Microarray Data Management Pipeline

This pipeline can be used to manage the data of microarrays, including GeoChip 2 (He et al 2007 ISME J), GeoChip 3 (He et al 2010 ISME J), GeoChip 4 (Tu et al 2014 Mol Ecol Resour), GeoChip 5 (Shi et al 2019 mSystems), and HumiChip (Tu et al 2014 PLoS One). The basic functions include raw data upload, data processing (normalization, quality filtering, designate signal cutoffs), and further statistical analyses. Other types of data can also be used in the pipeline (amplicon sequencing data). A total of 233 users have analyzed 114,564 sample data from 2007 to Dec 2020. Under Prof. Jizhong Zhou’s supervision, Dr. Ye Deng and Zhou Shi are previous developers of this pipeline. Dr. Naijia Xiao and I are maintainers of this pipeline now. I am developing some new methods to processing the data.

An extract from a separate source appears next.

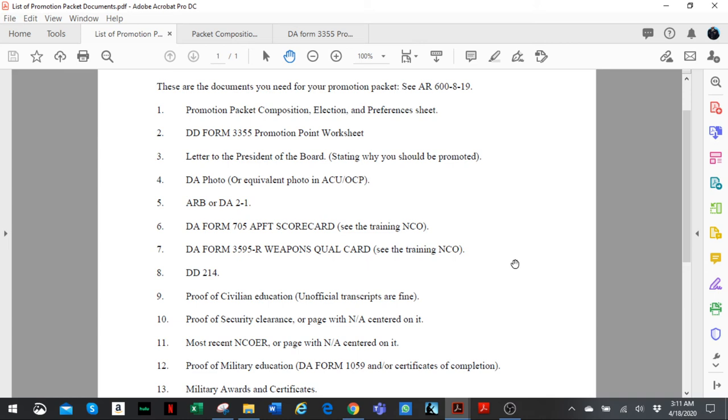Number seven, new weapons qual card. You get that from your training NCO. Just reach out to your first line leader and he can get it for you as well.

Amplicon Sequencing Data Analysis Pipeline

This pipeline is used to process amplicon sequencing data, including raw data upload, demultiplex, quality trim, pair end sequences combination, format conversion, OTU clustering, tree building, etc. It is useful tool in many of our studies, e.g. Zhou et al 2016 Nature Communications. A total of 119 users have used this pipeline from May 2018 to Dec 2020. Under Prof. Jizhong Zhou’s supervision, Dr. Yujia Qin developed this pipeline and Dr. Naijia Xiao and I are maintaining it now.

updated 2021.10.1